What you say may be true, however these dispensaries exist. If they are illegal, why haven't they been shut down by law enforcement? If Detroit is the poster child, then law enforcement is the sibling. They raid easy targets like Gaylord, but never Ann Arbor, rarely Detroit, rarely Lansing. The law can imply, and the purpose of it is to help sick folks, which dispensaries have done, but with profit motives unfortunately. This really boils down to the dumb down of society initiated by Harry Anslinger, boosted by Richard Nixon and law enforcement. The public was lied to, didn't take time to question the ignorant racist propaganda and believed a crook. The law certainly allows for home growing and caregivers and that's the best future for patients.
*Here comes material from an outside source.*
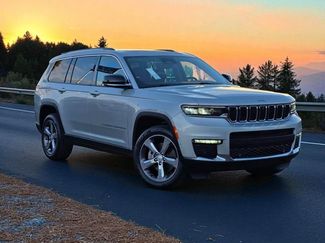 Used 2021 Jeep Grand Cherokee L Limited w/ Luxury Tech Group II video 2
No sick individual should have to pay any tax for medicine, and that is the state's goal. Revenue from the ill. That's shameful.

John Saari
Sun, 09/24/2017 - 6:28am

Our Democracy allows a majority to pass laws that regulate all of us. It takes the State and Fed gov bureaucracy to overburden , confuse and make any law unenforceable.

Disgruntled Taxpayer
Tue, 09/19/2017 - 10:16am

The author should have added, "Marijuana is still illegal under Michigan law." The MMMA did not make medical marijuana legal in Michigan, it granted immunity from state prosecution under certain sets of conditions. Said conditions do not allow for dispensaries.

Sun, 10/22/2017 - 10:00am

"Marijuana is still illegal under Michigan law."?

You can say that again i here it all the time from Judge's in the Court room arrest are up 17% here in this sad State

Wed, 09/20/2017 - 3:46am

Thank you for the good read.
Yet again. :)

Wed, 09/20/2017 - 1:27pm

If you have a debilitating illness, please wait for two years plus to get medicine and pay tax on it. Your sympathetic friends, the Michigan state government.

John Saari
Sun, 09/24/2017 - 6:21am

We must have enough Communities that are allowing marihuana use, to tally the outbreak of outlaws. I think the gov is withholding the truth.